Przyjęty przez rząd pakiet ustaw zdrowotnych oceniają eksperci. W rozmowie z "Super Expressem" Adam Sandauer, założyciel i honorowy prezes stowarzyszenia "Primum Non Nocere" ocenia, że reforma kształcenia lekarzy jest przeprowadzana źle. Obawia się, że prywatyzacja służby zdrowia odbędzie się kosztem państwowych placówek.

"Super Express": - Jak pan ocenia reformę kształcenia lekarzy?

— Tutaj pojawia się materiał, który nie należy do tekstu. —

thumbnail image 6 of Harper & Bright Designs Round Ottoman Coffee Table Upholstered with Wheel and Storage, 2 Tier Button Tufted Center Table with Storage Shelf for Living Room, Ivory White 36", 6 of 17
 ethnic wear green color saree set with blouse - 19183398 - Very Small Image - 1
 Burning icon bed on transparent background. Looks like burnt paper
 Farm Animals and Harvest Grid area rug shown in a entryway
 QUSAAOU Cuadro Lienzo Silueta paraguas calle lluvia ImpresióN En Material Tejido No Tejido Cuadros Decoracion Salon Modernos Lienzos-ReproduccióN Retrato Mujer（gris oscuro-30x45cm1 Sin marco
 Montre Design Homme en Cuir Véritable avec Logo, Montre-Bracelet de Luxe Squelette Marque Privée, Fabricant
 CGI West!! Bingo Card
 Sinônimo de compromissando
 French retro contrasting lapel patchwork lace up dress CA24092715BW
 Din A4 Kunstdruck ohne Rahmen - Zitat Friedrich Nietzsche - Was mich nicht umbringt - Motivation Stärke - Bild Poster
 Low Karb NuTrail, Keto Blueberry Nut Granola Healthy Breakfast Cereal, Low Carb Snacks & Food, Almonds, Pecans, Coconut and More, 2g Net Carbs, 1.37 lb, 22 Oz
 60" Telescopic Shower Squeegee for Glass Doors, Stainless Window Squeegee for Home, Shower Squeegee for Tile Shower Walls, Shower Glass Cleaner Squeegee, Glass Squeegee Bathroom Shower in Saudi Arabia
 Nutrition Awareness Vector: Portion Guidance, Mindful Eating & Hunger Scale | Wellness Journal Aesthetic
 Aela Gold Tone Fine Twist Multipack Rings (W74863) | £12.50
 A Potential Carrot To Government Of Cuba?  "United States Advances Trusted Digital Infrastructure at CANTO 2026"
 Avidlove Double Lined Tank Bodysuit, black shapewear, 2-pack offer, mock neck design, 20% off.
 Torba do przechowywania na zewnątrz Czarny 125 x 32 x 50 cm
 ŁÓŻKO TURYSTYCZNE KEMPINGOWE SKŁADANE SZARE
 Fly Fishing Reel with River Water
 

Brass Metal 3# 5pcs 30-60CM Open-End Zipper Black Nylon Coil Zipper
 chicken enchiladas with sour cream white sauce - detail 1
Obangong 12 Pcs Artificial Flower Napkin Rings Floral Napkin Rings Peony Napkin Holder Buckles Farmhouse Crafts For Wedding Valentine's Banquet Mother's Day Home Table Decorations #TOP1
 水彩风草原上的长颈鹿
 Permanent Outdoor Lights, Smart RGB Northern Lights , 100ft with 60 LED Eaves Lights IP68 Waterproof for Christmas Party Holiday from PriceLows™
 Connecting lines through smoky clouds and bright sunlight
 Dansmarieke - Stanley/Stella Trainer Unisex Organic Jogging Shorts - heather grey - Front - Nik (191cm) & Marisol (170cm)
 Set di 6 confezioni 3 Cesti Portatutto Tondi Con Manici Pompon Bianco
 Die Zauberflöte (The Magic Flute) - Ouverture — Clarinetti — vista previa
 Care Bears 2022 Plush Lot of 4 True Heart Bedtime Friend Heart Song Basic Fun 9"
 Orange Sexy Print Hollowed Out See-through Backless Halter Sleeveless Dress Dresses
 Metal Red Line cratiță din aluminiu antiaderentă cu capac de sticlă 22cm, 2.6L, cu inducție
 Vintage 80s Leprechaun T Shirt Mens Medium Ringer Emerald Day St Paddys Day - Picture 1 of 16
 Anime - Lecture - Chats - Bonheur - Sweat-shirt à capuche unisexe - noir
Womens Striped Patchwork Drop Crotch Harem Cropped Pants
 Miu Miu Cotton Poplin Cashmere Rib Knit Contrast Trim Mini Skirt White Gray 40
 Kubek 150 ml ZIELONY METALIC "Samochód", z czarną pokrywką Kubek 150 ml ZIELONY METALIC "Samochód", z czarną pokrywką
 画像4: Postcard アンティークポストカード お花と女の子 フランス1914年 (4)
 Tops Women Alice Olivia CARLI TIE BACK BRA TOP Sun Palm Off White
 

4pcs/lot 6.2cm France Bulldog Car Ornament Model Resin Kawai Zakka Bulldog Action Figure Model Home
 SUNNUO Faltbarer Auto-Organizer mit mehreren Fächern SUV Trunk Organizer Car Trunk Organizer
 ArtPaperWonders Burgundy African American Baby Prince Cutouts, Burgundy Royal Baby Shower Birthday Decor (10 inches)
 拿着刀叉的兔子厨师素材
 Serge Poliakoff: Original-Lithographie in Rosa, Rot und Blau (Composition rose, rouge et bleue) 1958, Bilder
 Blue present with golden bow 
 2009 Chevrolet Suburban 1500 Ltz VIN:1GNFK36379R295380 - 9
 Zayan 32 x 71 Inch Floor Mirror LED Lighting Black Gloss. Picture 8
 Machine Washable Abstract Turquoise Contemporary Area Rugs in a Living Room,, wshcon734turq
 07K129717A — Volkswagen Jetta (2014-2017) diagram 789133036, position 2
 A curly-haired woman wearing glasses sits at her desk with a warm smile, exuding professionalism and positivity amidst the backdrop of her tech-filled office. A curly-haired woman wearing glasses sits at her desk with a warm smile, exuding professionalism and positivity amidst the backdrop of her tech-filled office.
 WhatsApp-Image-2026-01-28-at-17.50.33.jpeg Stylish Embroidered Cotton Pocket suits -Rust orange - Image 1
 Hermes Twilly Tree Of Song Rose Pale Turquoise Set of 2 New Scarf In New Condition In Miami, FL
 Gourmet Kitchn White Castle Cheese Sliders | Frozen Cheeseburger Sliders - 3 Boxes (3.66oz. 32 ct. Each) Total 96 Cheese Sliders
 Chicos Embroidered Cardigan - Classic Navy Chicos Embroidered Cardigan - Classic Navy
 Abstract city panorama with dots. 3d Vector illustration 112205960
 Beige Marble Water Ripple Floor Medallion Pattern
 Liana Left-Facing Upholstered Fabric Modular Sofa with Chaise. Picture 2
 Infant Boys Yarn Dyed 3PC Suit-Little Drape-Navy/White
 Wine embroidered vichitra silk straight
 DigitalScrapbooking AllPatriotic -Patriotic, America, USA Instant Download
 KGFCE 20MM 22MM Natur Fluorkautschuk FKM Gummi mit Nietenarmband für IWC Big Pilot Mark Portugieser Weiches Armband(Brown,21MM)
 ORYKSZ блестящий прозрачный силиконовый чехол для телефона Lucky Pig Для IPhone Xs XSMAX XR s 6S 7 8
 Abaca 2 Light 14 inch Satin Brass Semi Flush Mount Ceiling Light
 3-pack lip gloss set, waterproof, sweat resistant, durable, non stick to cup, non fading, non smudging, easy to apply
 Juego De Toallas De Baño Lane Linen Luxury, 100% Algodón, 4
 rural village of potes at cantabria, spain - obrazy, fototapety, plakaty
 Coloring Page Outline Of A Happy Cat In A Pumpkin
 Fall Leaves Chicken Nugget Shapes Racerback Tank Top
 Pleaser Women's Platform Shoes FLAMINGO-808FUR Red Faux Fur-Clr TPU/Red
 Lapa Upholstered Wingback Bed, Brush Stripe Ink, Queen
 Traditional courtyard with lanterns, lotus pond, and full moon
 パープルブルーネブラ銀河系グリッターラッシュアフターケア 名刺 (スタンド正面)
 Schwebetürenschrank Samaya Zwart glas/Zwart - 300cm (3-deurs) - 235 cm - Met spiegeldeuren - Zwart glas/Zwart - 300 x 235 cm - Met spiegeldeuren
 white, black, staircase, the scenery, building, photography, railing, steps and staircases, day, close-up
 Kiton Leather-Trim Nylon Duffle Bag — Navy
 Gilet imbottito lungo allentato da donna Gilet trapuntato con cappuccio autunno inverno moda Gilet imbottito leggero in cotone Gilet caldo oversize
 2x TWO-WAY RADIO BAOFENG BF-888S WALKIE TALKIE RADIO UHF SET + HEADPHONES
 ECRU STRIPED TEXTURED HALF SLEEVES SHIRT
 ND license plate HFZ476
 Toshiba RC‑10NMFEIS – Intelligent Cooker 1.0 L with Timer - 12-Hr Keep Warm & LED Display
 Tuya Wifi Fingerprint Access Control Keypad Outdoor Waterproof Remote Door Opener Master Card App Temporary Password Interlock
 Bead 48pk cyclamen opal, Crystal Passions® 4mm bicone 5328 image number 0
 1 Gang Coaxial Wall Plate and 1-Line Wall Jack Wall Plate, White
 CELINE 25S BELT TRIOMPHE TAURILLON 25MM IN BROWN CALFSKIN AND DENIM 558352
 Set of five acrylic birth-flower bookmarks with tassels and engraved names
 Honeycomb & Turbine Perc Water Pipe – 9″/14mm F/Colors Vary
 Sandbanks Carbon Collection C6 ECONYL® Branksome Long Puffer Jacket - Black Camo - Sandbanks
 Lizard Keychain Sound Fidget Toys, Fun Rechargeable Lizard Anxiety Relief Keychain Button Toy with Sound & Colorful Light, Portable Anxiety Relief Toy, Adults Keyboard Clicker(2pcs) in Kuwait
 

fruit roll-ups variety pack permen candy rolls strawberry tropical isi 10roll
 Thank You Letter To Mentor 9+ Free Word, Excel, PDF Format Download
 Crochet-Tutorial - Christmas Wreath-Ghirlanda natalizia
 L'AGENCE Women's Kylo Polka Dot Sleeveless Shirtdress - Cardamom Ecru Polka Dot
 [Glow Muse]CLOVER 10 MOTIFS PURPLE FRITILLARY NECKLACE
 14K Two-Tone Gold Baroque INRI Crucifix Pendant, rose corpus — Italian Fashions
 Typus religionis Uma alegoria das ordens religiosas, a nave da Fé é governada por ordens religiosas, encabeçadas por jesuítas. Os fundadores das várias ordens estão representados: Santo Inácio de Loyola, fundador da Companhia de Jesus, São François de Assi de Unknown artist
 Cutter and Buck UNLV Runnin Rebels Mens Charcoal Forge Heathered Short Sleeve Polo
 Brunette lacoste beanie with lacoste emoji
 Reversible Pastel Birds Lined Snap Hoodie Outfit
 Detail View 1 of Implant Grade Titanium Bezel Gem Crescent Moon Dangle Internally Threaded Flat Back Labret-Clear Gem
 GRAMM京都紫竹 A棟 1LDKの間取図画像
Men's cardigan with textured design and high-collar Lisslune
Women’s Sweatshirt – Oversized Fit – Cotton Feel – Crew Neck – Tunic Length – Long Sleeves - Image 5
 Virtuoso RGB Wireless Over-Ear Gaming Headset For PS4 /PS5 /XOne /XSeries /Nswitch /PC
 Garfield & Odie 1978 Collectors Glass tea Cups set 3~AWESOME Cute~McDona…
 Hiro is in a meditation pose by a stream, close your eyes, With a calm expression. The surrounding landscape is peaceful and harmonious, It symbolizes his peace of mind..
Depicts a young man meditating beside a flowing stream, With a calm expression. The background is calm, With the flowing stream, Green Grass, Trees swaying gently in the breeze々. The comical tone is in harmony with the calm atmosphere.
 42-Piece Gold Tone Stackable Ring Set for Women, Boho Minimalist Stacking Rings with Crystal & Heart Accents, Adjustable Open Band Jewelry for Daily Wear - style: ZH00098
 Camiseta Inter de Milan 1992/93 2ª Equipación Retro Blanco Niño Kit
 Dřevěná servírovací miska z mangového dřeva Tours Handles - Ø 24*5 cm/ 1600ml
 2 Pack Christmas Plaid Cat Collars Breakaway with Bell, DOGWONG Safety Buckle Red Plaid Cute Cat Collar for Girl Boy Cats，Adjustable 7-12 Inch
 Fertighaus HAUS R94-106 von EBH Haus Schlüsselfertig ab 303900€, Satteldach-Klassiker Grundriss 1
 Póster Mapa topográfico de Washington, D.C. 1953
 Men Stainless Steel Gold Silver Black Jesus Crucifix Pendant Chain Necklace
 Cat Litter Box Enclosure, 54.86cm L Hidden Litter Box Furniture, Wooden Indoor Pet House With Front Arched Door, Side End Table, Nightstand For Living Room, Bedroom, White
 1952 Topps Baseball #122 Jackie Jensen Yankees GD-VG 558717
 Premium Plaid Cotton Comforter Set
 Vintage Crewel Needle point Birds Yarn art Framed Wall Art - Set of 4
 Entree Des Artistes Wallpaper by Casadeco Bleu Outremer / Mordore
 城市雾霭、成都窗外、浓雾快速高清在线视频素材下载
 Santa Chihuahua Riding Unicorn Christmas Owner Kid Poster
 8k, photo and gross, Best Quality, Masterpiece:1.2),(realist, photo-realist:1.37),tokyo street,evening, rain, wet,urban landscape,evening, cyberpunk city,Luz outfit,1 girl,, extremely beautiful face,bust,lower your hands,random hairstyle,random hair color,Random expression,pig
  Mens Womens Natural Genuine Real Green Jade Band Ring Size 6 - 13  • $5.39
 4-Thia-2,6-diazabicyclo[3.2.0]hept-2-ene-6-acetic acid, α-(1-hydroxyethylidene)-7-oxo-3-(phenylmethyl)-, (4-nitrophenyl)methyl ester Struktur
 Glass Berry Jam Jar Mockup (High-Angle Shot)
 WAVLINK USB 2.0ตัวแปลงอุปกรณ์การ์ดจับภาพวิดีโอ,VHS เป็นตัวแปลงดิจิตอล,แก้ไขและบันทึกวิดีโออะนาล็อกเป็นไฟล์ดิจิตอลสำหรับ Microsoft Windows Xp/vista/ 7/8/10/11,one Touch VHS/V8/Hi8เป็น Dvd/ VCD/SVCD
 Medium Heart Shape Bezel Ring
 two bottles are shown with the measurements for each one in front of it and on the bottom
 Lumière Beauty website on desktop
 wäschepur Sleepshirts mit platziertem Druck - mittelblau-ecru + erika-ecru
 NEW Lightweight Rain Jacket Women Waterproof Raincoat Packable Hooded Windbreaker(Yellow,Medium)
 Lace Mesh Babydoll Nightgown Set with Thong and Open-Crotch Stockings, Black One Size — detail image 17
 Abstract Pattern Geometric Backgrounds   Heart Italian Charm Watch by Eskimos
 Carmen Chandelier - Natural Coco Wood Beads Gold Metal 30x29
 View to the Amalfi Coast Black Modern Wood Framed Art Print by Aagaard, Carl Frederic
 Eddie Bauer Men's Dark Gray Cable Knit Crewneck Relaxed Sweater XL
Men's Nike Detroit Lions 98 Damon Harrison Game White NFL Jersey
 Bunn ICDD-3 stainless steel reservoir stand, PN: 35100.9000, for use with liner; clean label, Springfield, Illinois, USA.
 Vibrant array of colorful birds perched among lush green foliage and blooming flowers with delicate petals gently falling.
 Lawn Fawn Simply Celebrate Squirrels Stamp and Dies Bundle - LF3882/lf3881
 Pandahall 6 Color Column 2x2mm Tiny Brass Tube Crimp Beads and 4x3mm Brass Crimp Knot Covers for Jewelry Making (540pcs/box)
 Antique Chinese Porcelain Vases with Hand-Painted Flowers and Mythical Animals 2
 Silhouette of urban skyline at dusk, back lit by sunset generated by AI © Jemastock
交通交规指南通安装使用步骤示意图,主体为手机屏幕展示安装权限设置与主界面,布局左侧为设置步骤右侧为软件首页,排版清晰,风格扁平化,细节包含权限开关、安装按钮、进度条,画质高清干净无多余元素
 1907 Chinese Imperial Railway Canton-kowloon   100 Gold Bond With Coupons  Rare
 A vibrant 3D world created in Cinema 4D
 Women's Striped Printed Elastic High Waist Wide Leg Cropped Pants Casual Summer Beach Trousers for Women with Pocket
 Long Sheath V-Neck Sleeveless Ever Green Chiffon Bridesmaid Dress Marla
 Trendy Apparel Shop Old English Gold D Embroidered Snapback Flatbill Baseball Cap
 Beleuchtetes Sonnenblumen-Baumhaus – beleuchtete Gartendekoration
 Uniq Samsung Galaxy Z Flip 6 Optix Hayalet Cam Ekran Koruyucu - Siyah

Adam Sandauer: - Trzeba o tym myśleć, ale nie przez likwidację staży! Podpisuję się pod tym, co "Super Expressowi" mówi pan dr Maciej Hamankiewicz, choć nieczęsto zgadzam się z Naczelną Izbą Lekarską. Zaś w przyszłości dobrze by było, aby podstawy wiedzy medycznej znalazły się w programie nauczania szkoły średniej. Wtedy można by trochę skrócić czas kształcenia lekarzy, ale dałoby to też inny pożytek - nie byłoby takiej dysproporcji wiedzy, jak obecnie, pomiędzy lekarzami a resztą społeczeństwa. Medycyna przestałaby być wiedzą tajemną.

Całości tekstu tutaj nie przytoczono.